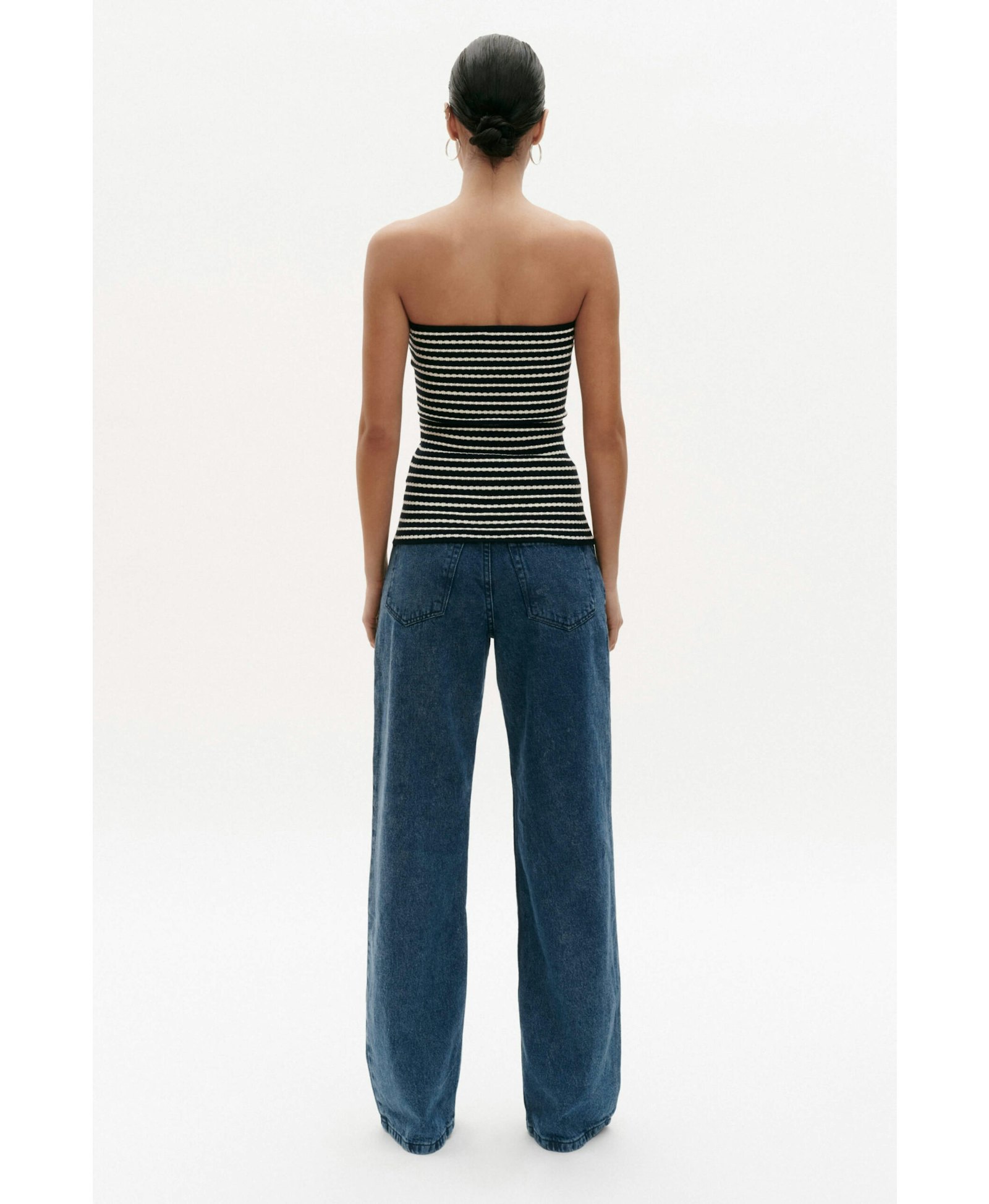 CREAM STRIPED TOP made by BENU Studio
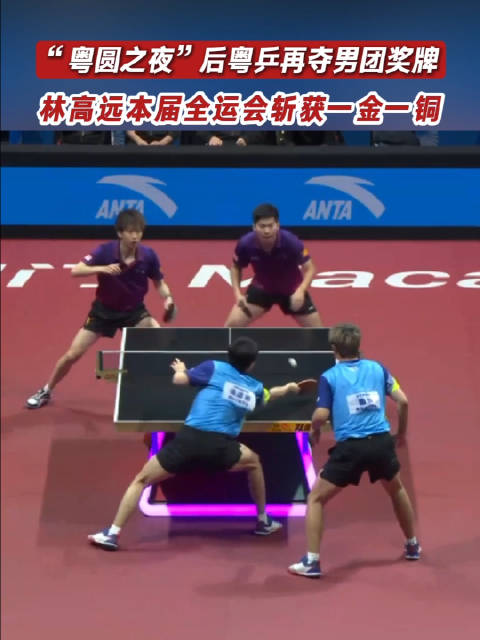 广东队3-0胜黑龙江队夺男团铜牌，林高远一金一铜收官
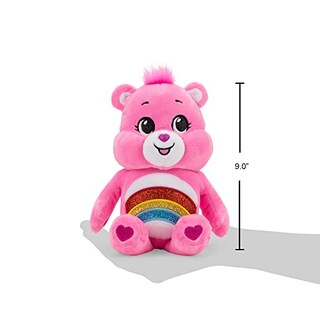 Foto 2 | Peluche Care Bears Cheer Bear Glitter Belly 23 Cm - Venta Internacional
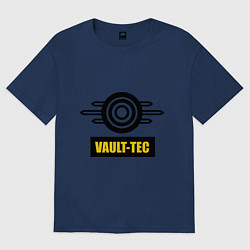 Футболка оверсайз мужская Vault-tec, цвет: тёмно-синий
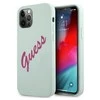 Dėklas GUESS HARDCASE GUHCP12MLSVSBF SILICONE VINTAGE IPHONE 12/12 PRO FUCHSIA/MINT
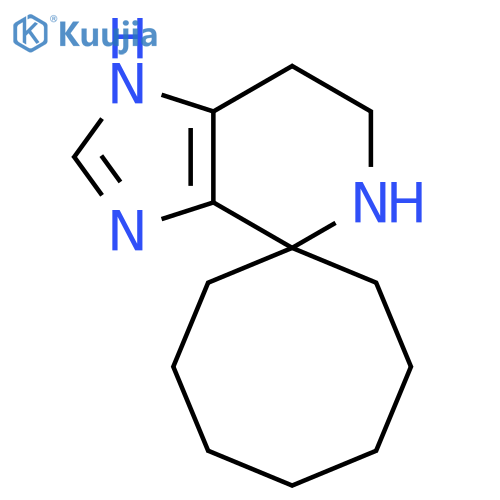 3',5',6',7'-tetrahydrospirocyclooctane-1,4'-imidazo4,5-cpyridine structure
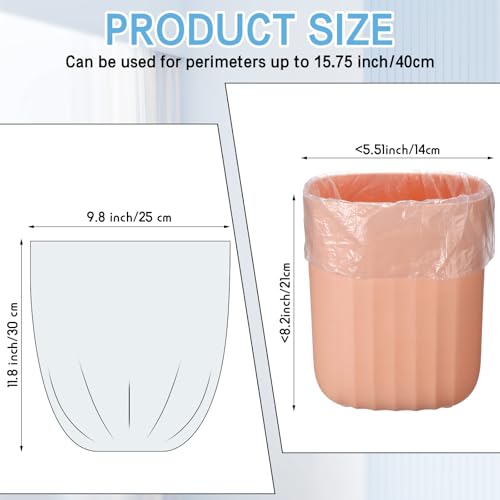 240 Counts Mini Trash Bags 0.5 Gallon Tiny Garbage Bags Small Pet Bags Strong Trash Bags Trash Can Liners for Car Kitchen Office Desktop Mini Trash Can Wastebasket Bin, 16 Rolls(White) - color: White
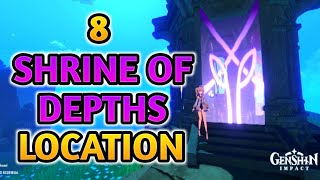 8 Inazuma Shrine of depths location  Genshin impact 21 [upl. by Verine]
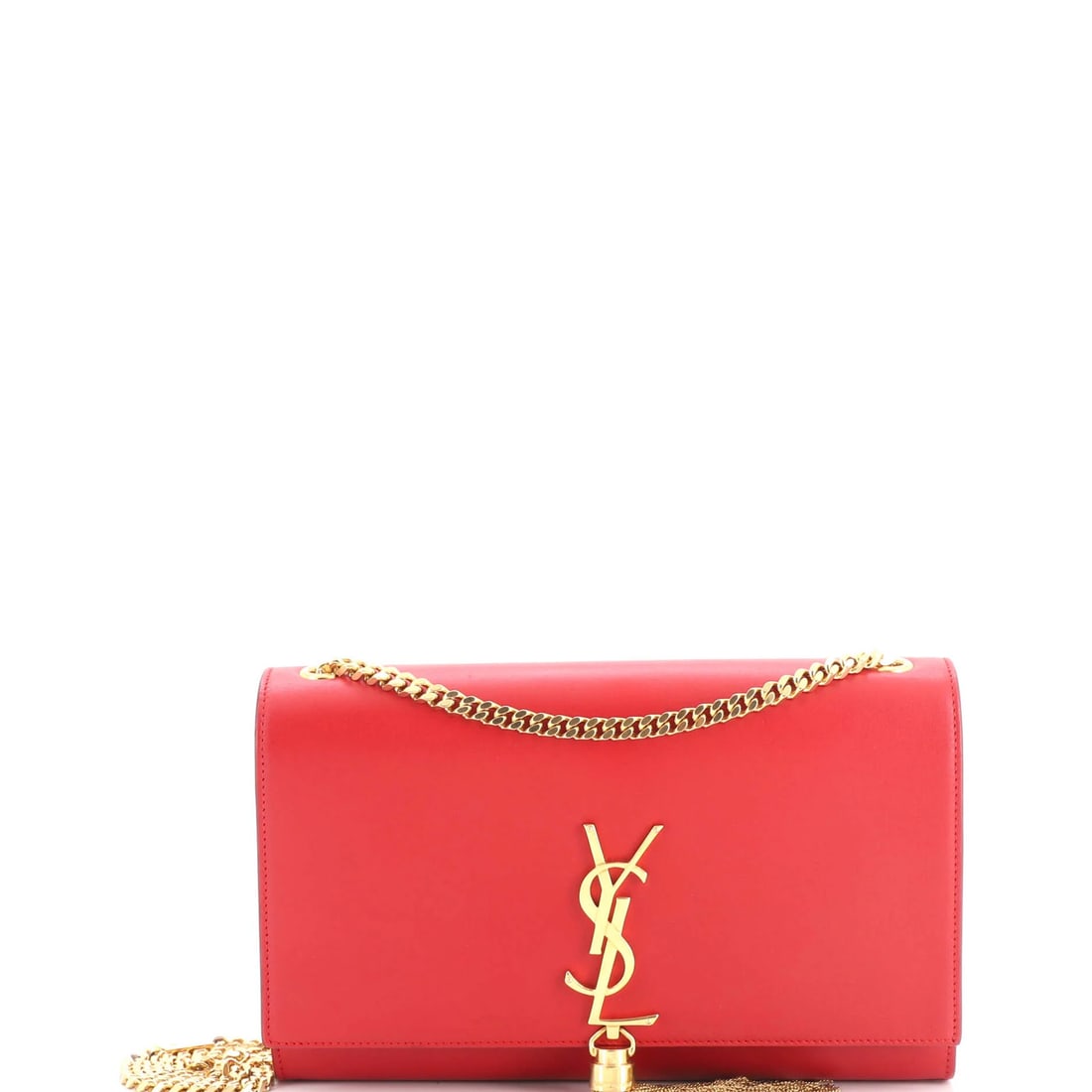 Monogram Leather Classic Medium Crossbody Tassel Bag Saint Laurent: Monogram Leather Classic Medium Crossbody Tassel Bag Saint Laurent Red Saint Laurent Classic Monogram Tassel Crossbody Bag in Medium Leather. This iconic crossbody bag features a classic monogram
----------------
REQUIRED ACTION :: Please set down the lines from the one with "广东队3-0胜黑龙江队夺男团铜牌，林高远一金一铜收官" to the end of the entries above, exactly as they are, and drop every picture.

REPLY ::
 广东队3-0胜黑龙江队夺男团铜牌，林高远一金一铜收官
 Foto 2 | Peluche Care Bears Cheer Bear Glitter Belly 23 Cm - Venta Internacional
 Футболка оверсайз мужская Vault-tec, цвет: тёмно-синий
 Dėklas GUESS HARDCASE GUHCP12MLSVSBF SILICONE VINTAGE IPHONE 12/12 PRO FUCHSIA/MINT
 3',5',6',7'-tetrahydrospirocyclooctane-1,4'-imidazo4,5-cpyridine structure
 240 Counts Mini Trash Bags 0.5 Gallon Tiny Garbage Bags Small Pet Bags Strong Trash Bags Trash Can Liners for Car Kitchen Office Desktop Mini Trash Can Wastebasket Bin, 16 Rolls(White) - color: White
 8 Inazuma Shrine of depths location  Genshin impact 21 [upl. by Verine]
 Monogram Leather Classic Medium Crossbody Tassel Bag Saint Laurent: Monogram Leather Classic Medium Crossbody Tassel Bag Saint Laurent Red Saint Laurent Classic Monogram Tassel Crossbody Bag in Medium Leather. This iconic crossbody bag features a classic monogram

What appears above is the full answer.